***** ENTRIES PROVIDED
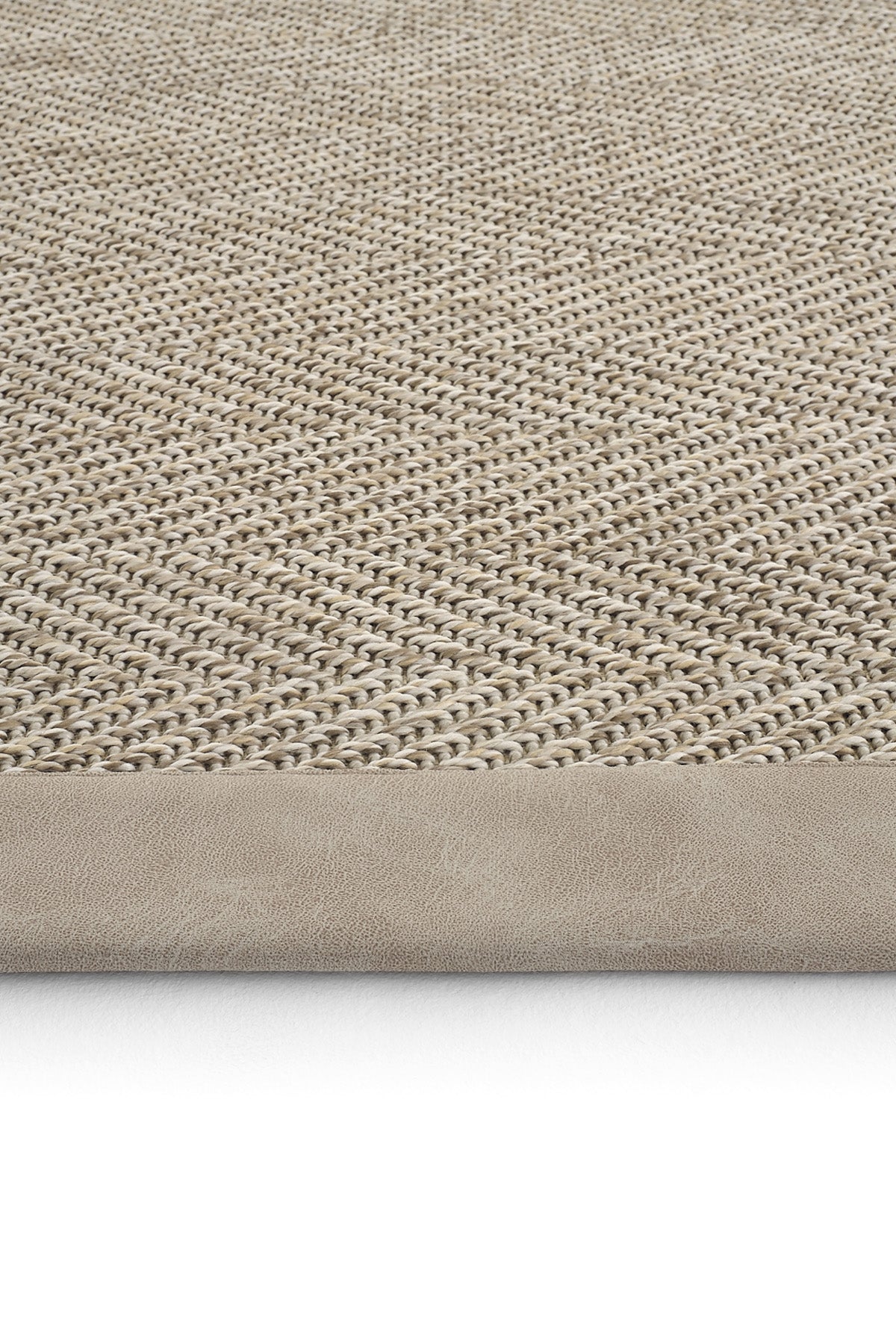 Sisalart Sydney Deri Bordür Sisal Halı - Sisal Halı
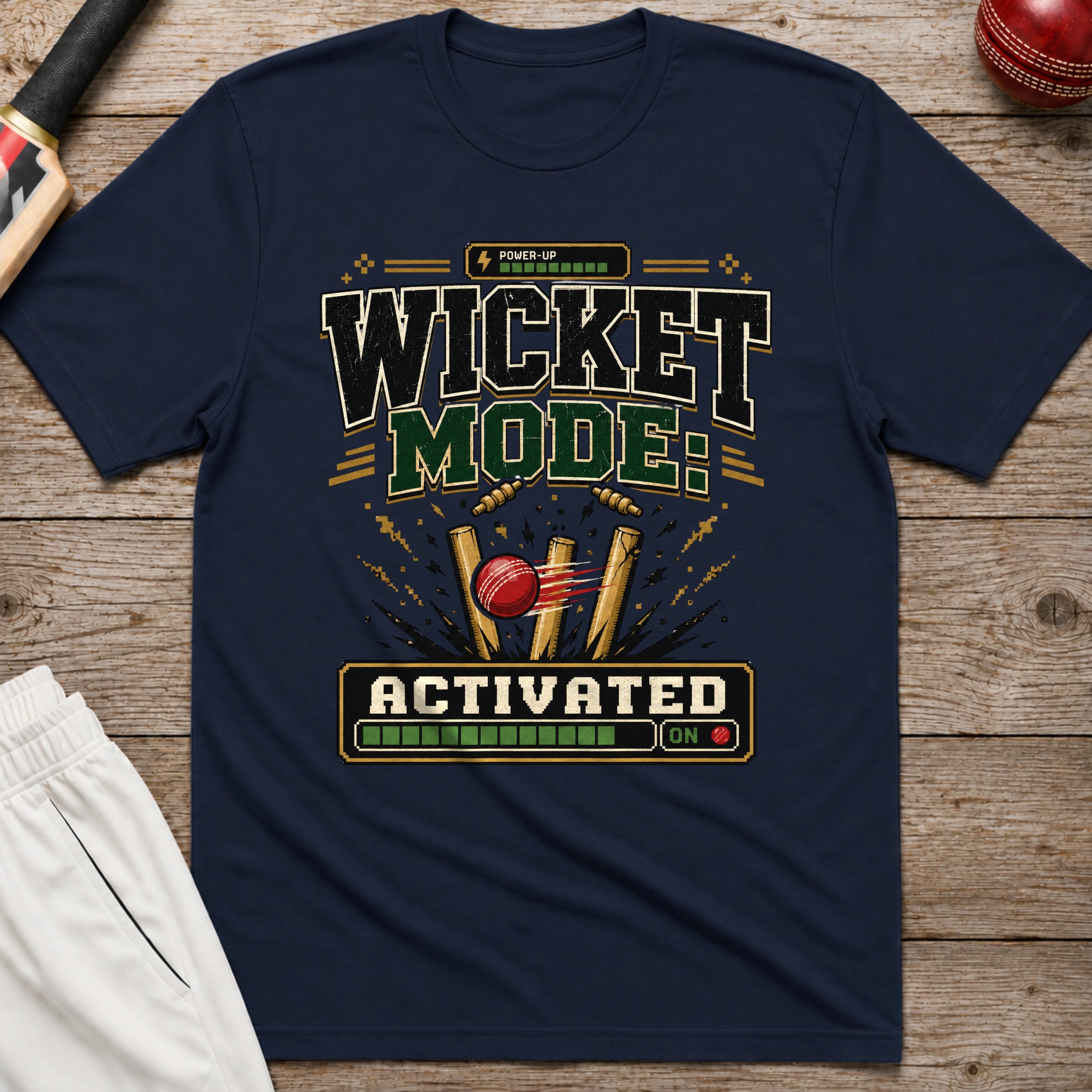 Wicket Mode Activated T-Shirt - Navy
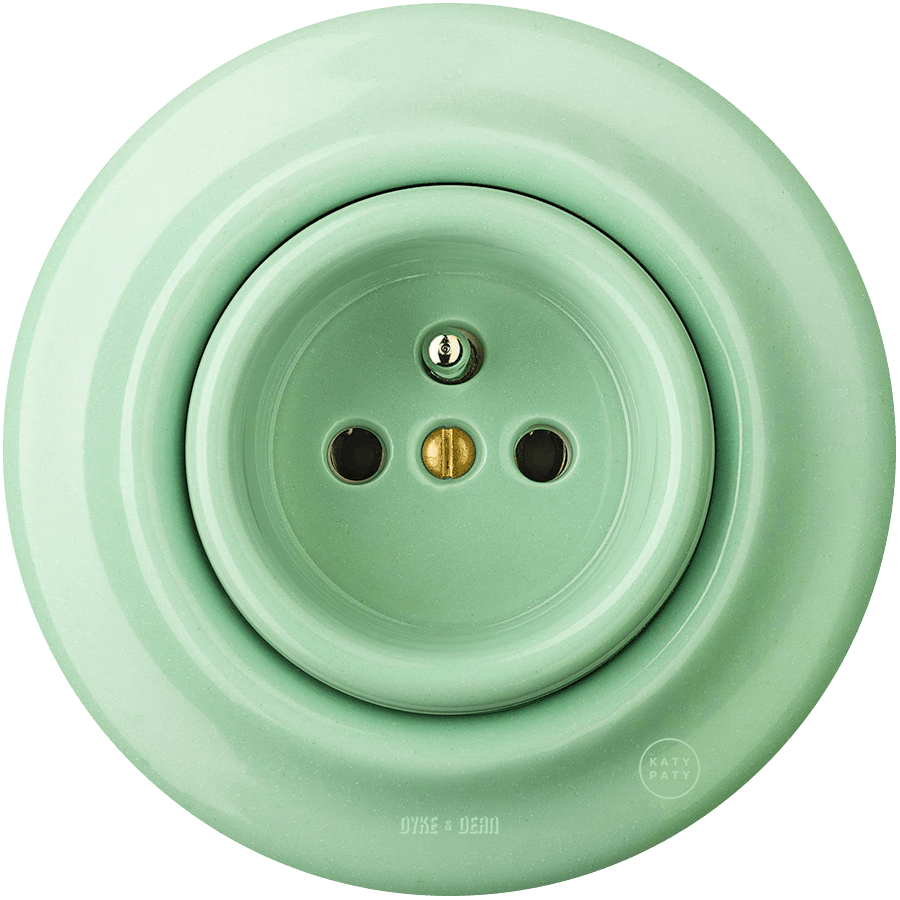 PORCELAIN WALL SOCKET MINT - DYKE & DEAN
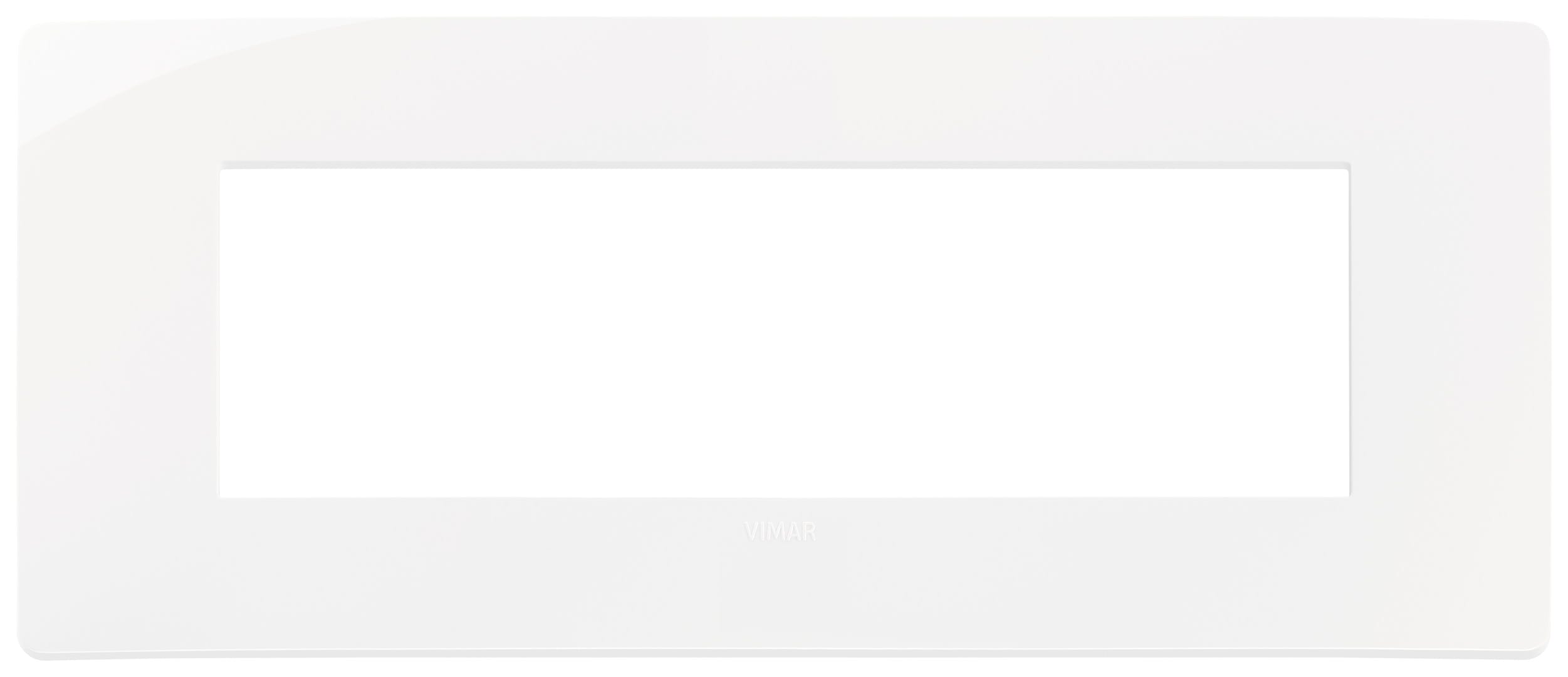 VIMAR SPA - VIW14657U.01 PLACCA PLANA UP 7M BIANCO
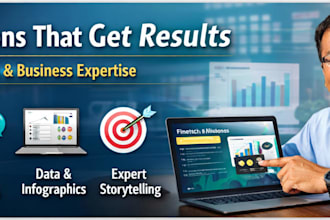 create business pitch deck presentations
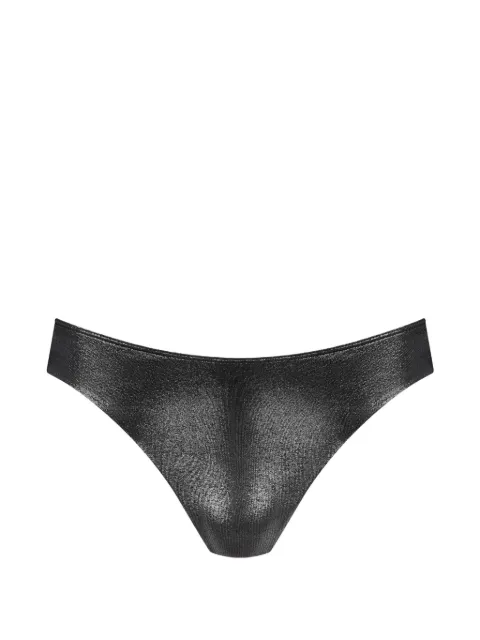 Maison Close metallic-effect bikini bottoms Silver 565168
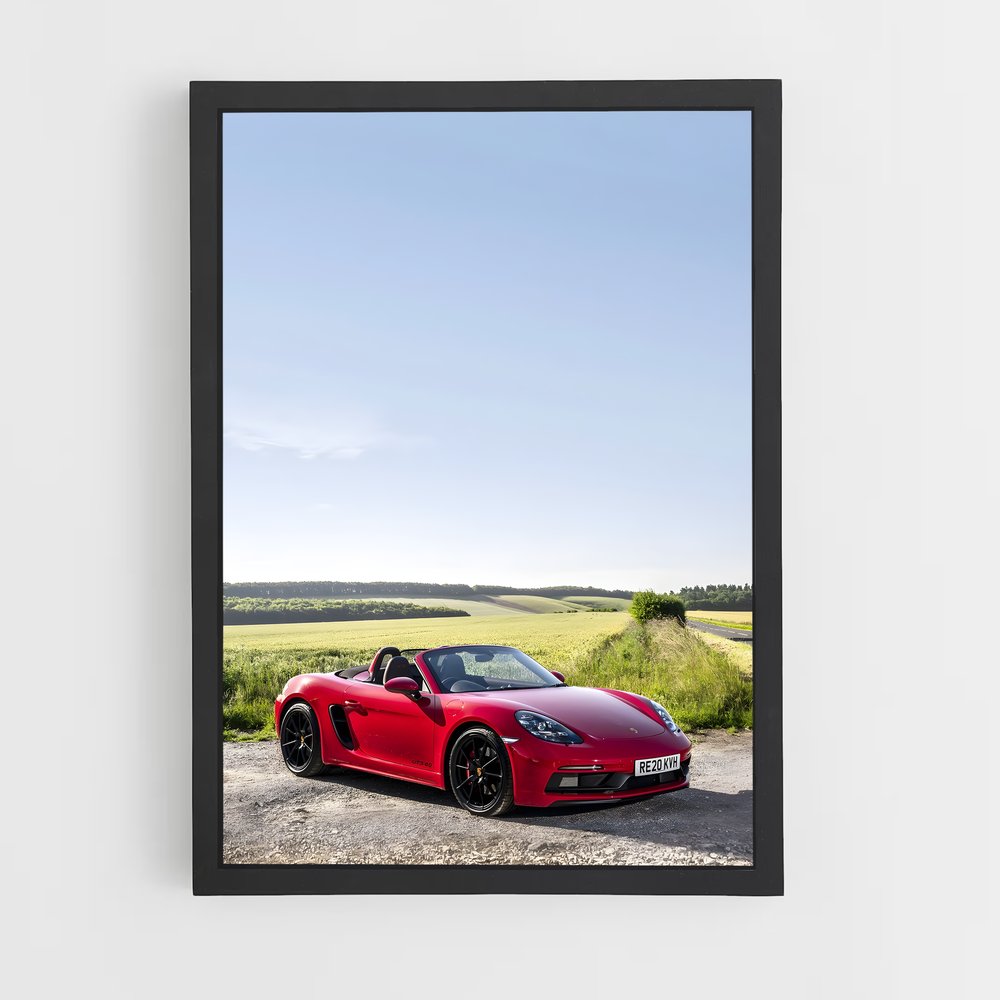 Poster splendide Boxster GTS – affiche Porsche (vue 2)
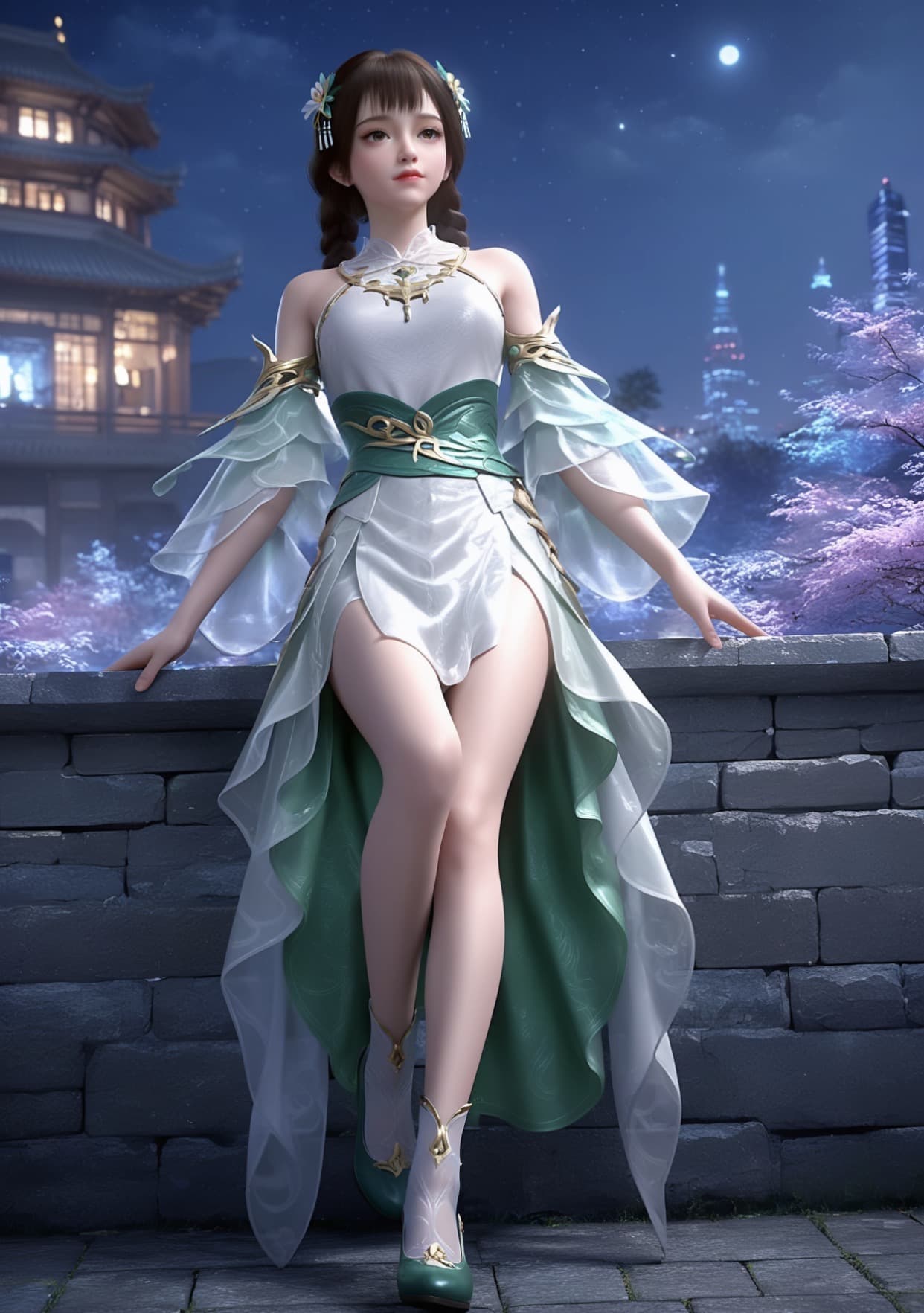 完美世界-麒麟女-Ai国漫绘画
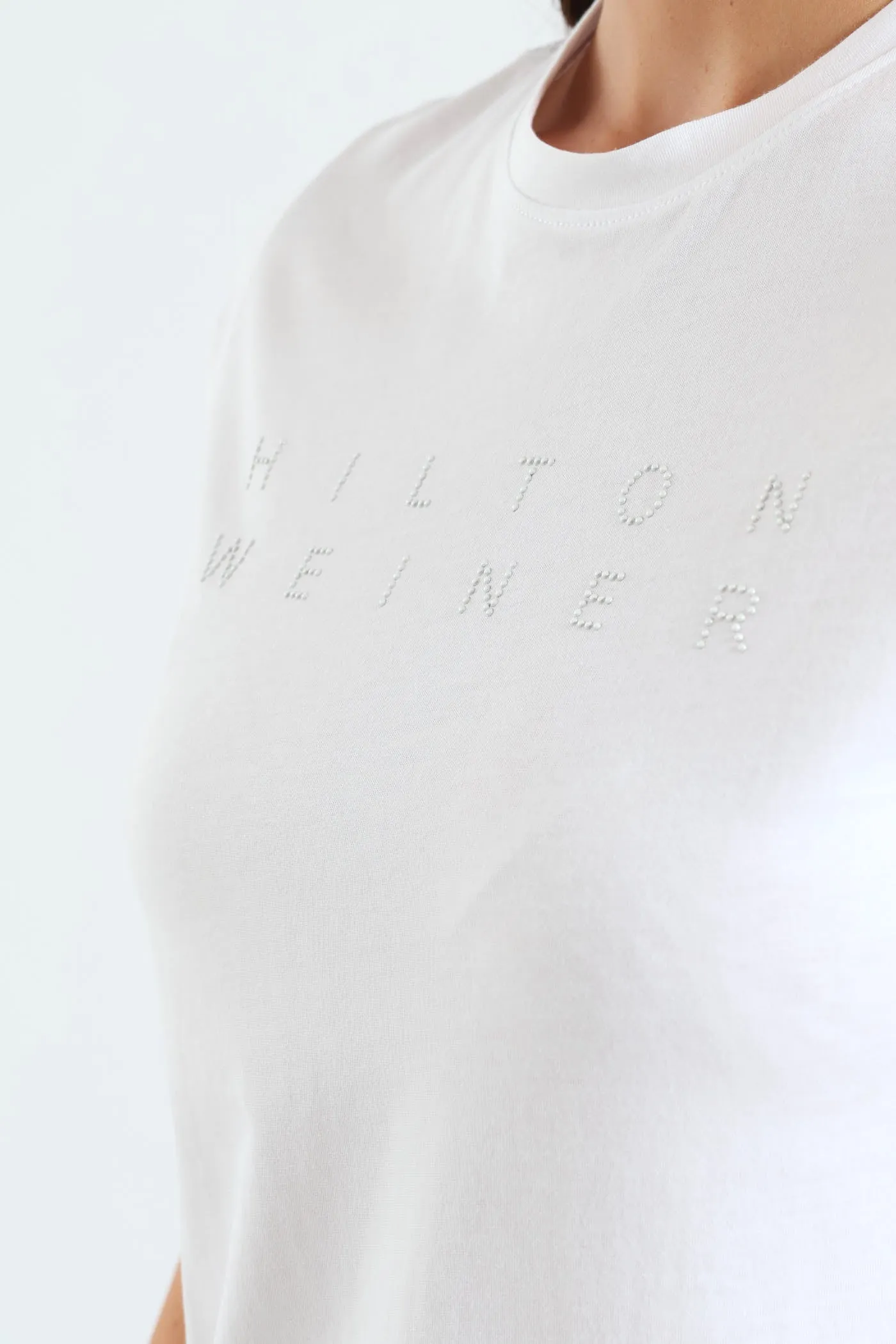 Rhinestone Detail T-Shirt - White sold by Edgars product image thumbnail 2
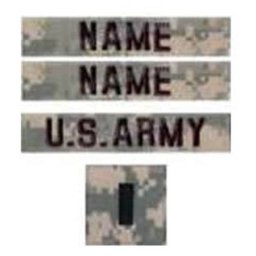 MILITARY RANGE nášivky U.S. ARMY sada 4ks VELCRO ACU DIGITAL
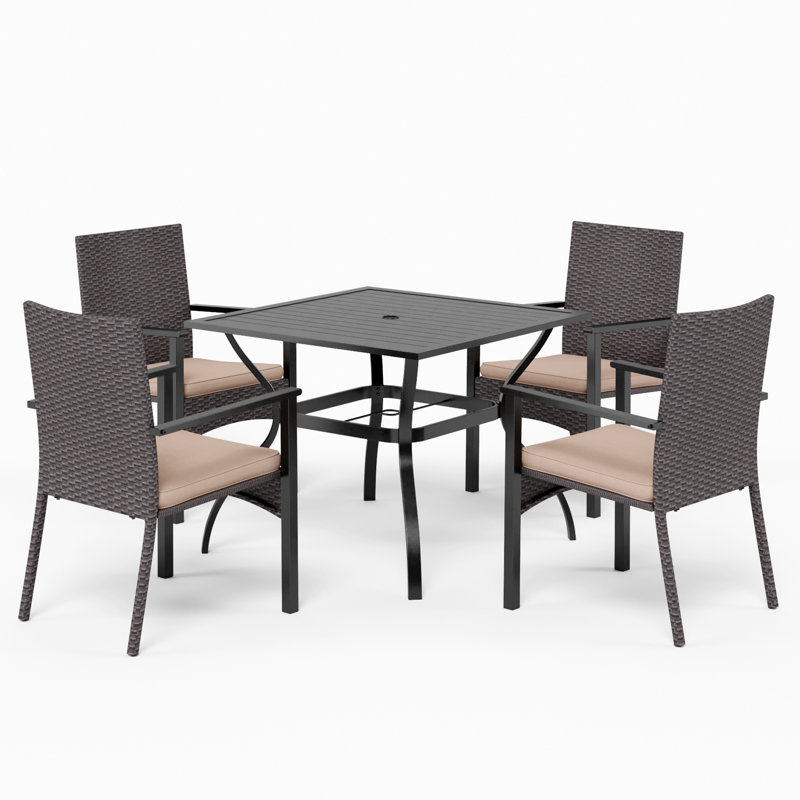 4 - Person Patio Dining Set with, None, No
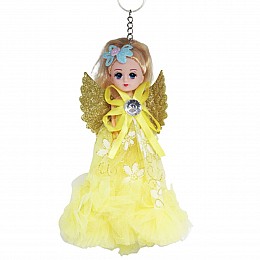 Кукла-брелок з крилами Ангел жовтий MiC (ASR176)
**********
• _WHAT THE TASK ASKS_:
The records above are to be repeated exactly, apart from their pictures.

• _WORKED SOLUTION_:
 Sisalart Sydney Deri Bordür Sisal Halı - Sisal Halı
 Wicket Mode Activated T-Shirt - Navy
 PORCELAIN WALL SOCKET MINT - DYKE & DEAN
 VIMAR SPA - VIW14657U.01 PLACCA PLANA UP 7M BIANCO
 create business pitch deck presentations
 Maison Close metallic-effect bikini bottoms Silver 565168
 Poster splendide Boxster GTS – affiche Porsche (vue 2)
 完美世界-麒麟女-Ai国漫绘画
 Rhinestone Detail T-Shirt - White sold by Edgars product image thumbnail 2
 MILITARY RANGE nášivky U.S. ARMY sada 4ks VELCRO ACU DIGITAL
 4 - Person Patio Dining Set with, None, No
 Кукла-брелок з крилами Ангел жовтий MiC (ASR176)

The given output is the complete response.